I now have Parkinson's added to my troubles, in fact within weeks of my diagnosis of CF I was diagnosed with Parkinson's. Judging from the systematic removal of your son's colon, I guess he has developed megacolon or some other paralytic bowel issue. Constipation is about as funny as gout. The difference is constipation can kill a person just as dead as a heart attack will. Dr. Freedman and his team, whether by accident or design have become the North American leading specialist and what he can't do himself, others equally talented are right there. Parkinson's disease wrecks havoc on the bowels and so does the medicine to treat it.

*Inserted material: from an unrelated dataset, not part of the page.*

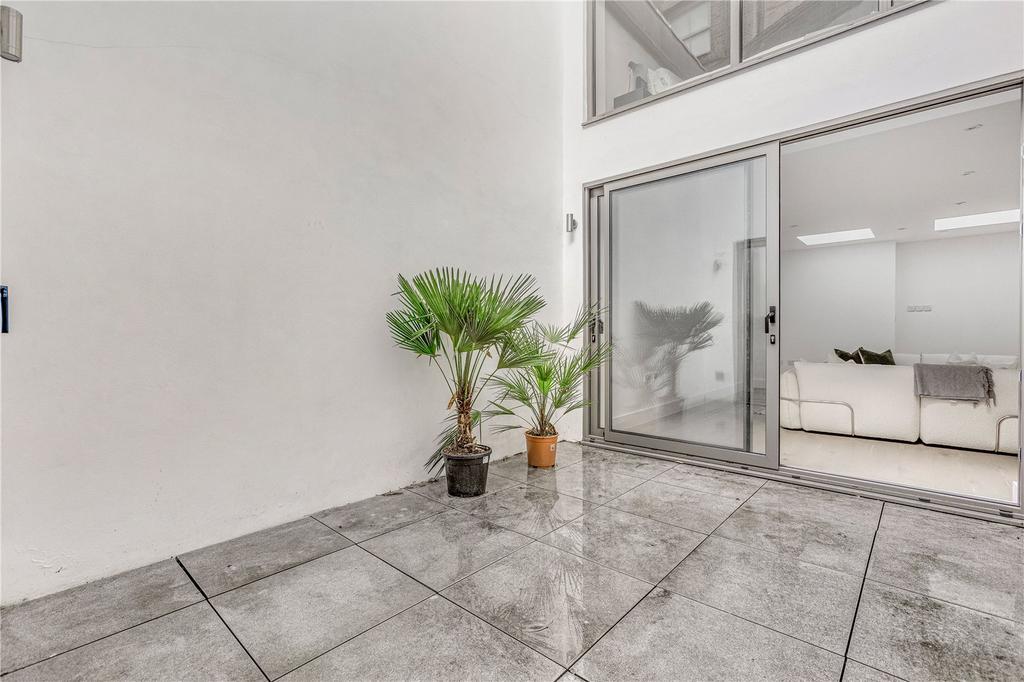 House in London - View 3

CF is more or less ditto when it comes to the bowels, for that matter everything from the lips down is affected by CF to one degree or another.

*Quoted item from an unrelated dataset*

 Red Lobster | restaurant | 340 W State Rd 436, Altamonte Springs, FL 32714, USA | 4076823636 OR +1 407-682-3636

Finally I would send your son on a scavenger hunt. The real reason pharmaceuticals have jumped faster than gasoline in price is they all are or have re-tooled for genetically based drugs. For the first time in history, a medical frontier has broken trail. A major trail is one of the first gentic diseases located, decoded and biochemically understood. We have more than one working genetically based drugs that in a limited few resolves their symptoms to some degree. This newly blazed trail is being followed up with a super highway. We are at the cataract, the top of the watershed. Your son has a greater chance of living a full life than ever before. There is somebody looking for your son in a promising drug trial. Send him to find it.
My heart goes out to you and it is breaking mine as I contemplate his depth of pain, and your spirit at bay. If you are still into it, take a look at this current forum, it is either the last post or near to it under "New Member" There is more food for thought.